Some Outside Perspectives On Some Inside Challenges

Cleaning out the notebook...

• Here are a couple of perspectives from outside credit unions, gleaned during SourceMedia's recent Best Practices in Retail Financial Services Symposium in Orlando.

Ronald Kerr of Nationwide Insurance noted, "The behavior we see from customers is that virtually everyone starts their shopping experience online. But the difference is in how far do they go with that experience online. It has to do with customer preference and how complicated do we make the process. What we have seen from customers is that with the more complex products, customers are very interested in starting the learning process online, but very uninterested in finishing that process online. They want to learn enough to have a good conversation in person; 'Let me learn enough to protect me.'"

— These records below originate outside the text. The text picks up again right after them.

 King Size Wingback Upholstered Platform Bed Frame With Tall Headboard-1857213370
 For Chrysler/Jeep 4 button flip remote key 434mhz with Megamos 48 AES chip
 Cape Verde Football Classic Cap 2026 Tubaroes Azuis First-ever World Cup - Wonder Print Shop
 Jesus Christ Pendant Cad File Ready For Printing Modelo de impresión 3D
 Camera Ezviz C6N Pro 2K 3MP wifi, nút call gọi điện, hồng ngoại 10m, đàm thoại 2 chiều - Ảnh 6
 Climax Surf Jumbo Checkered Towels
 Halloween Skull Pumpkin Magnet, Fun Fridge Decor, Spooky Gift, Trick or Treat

Andy Hernandez of BBVA Compass concurred. "People talk about getting an inconsistent experience across channels, and now that is starting to show up in people's dissatisfaction. People want to start a more complex product online, but ultimately online can't satisfy, and they want to come in."

Hernandez added that while he often is focused on that online experience and his responsibility is for non-branch channels, "What may be unique about what BBVA is doing is that my team exists as a compliment to the branch. The branch is the heart, the anchor of our strategy."

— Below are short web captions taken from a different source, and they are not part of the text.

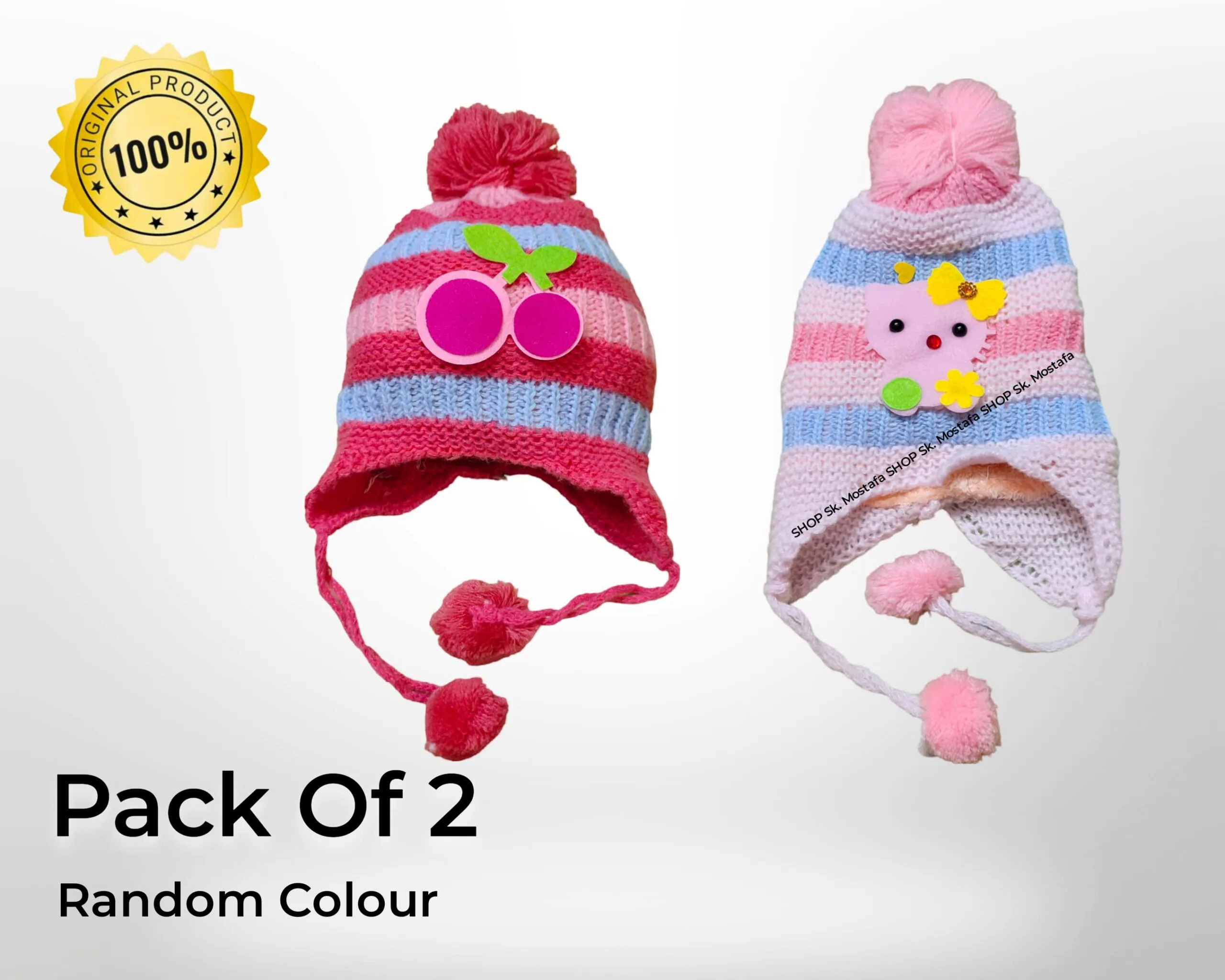 Baby Winter Cap 6 To 12 Month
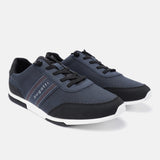 Dark blue comfort sneakers by bugatti with black accents and white soles.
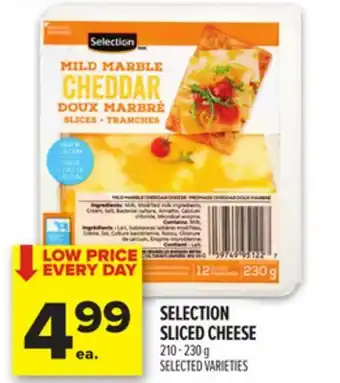 Metro SELECTION SLICED CHEESE offer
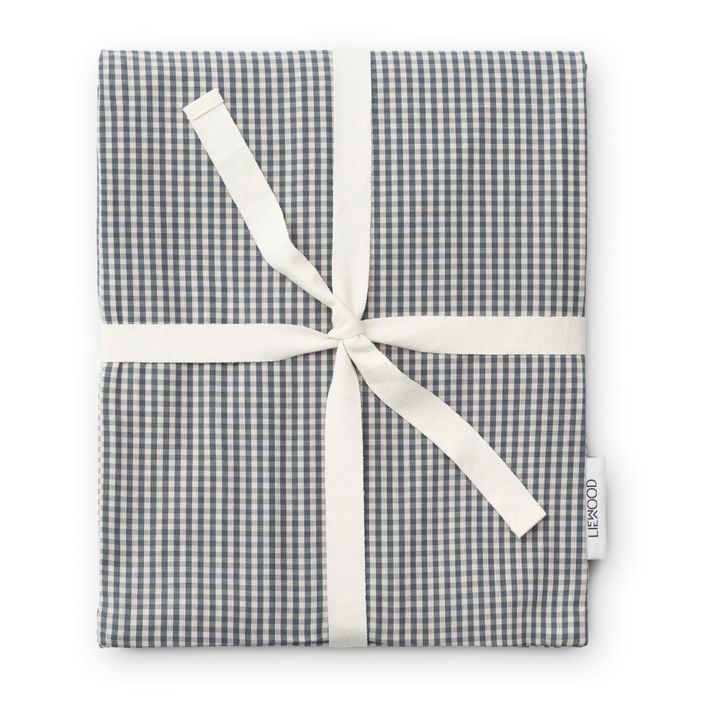 Parure de lit en coton bio Bleu- Image produit n°2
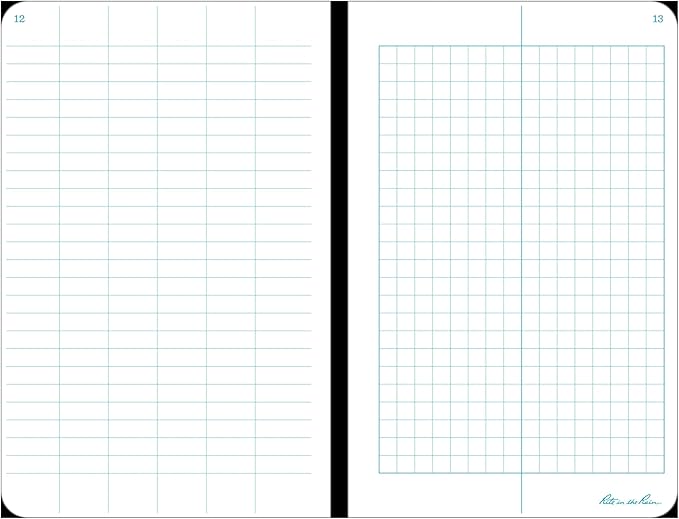 Rite in the Rain Weatherproof Hard Cover Notebook, 4 3/4" x 7 1/2", Yellow Cover, Field Pattern (No. 350F), 7.5 x 4.75 x 0.625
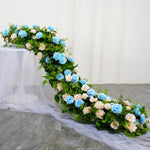 Aliflowers Green Plants with Rose Craspedia floral for Wedding Backdrop decor ALFRW007 - Ali Flowers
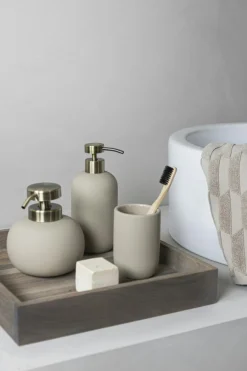 Lotus Soap Dispenser Low, Cobalt-blue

When Kerr was asked about which retail providers he admires, he didn't cite credit unions. Instead, he shared, "I bought a fleece jacket online from Land's End. It didn't fit and I returned it to Sears, which has a relationship with Land's End. The next day I got a call from Land's End asking if there was a problem and asking if I had made a decision about a replacement. He reminded me I got a 25% discount for buying online and got free shipping. The point being was that in that one sales transaction I was across three different channels, and that to me was a simple, nice, customer-friendly example of integrated information and multi-point distribution."

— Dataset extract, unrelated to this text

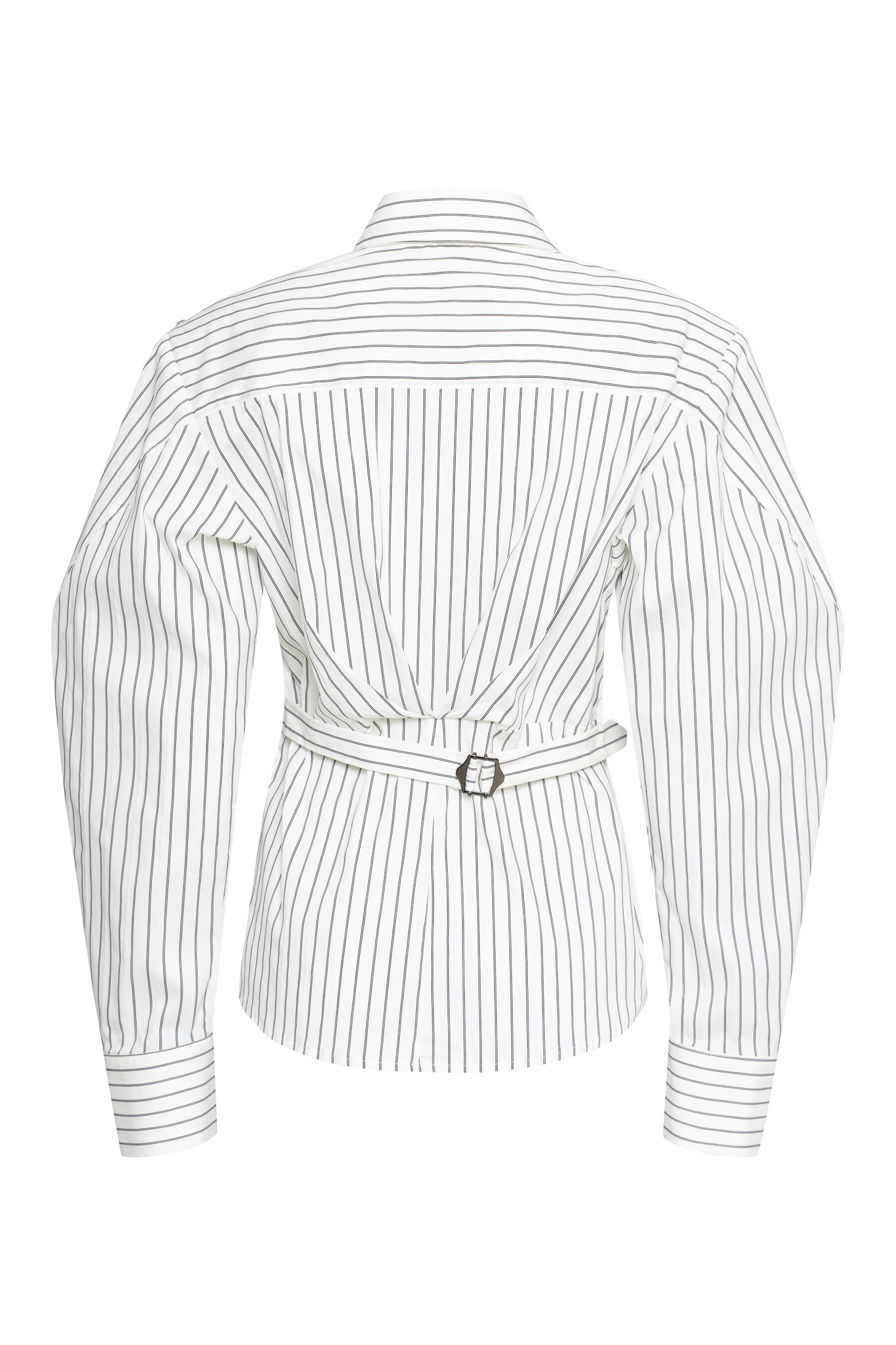 STRIPED SHIRT WITH BELT STRIPED SHIRT WITH BELT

Why is it worth mentioning? Because members measure credit unions against the Land's Ends of the world.

• At the same meeting, Eugene Ludwig, the former Comptroller of Currency under President Clinton and today a consultant, said, "If I were a (bank) manager right now the one thing I would insist upon are good reports."

Ludwig shared his own experiences in working in banks and as an auditor. At one bank they would always have a three-inch-thick Risk Report better known as "the brick" that no one ever read. The risk manager, when pressed about something that had gone wrong, would always point out that it had been "disclosed on page 133, in the third footnote. That means it wasn't disclosed. Reports need to be good, crisp and easy to read."

On other topics, Ludwig observed: "Risk management is not a spectator sport. You must be active. The risk-management team must be forceful. If you are not taken seriously then you should leave the job. If you report something but no action was taken, that is not good for you."

As for a discussion that has dominated hallways at CU meetings, "The notion that we can solve all the problems with more and more capital is not correct. We did an analysis of this most recent crisis and capital did not necessarily correlate with failure or success. What did correlate? Good management. We've lost a lot of prestige in the world as the result of this crisis."

• Dennis McCuistion, the board governance expert and former host of a PBS program that bore his name, recently told a group of credit unions that the "universal truth is the directors who submit proposals for board term limits are always the ones you want to keep."

Indeed, why is it that every time I come out of a room full of CU board members I have the same two thoughts: "Wow, l'd like to put my money in the credit union where he's on the board," and, "Wow, I'd drive right now to that credit union if I were a member and take my money out."

• During a recent CUNA HR Council meeting I heard three different HR directors note that one of the most popular additions to their offices has been a Wii game system in the employee break room.

• In the Virginia-based Daily Press recently there was a long profile on the local Drug Court and its effectiveness in helping people arrested for drug-related crimes to kick the habit and turn their lives around. Reporting on a ceremony marking a recent Drug Court "graduation," at least one credit union found itself being measured by a new criterion, when a family member of a Drug Court graduate identified as "Charlie" said he had gone from being a "criminal to a card-carrying member of the Langley Federal Credit Union."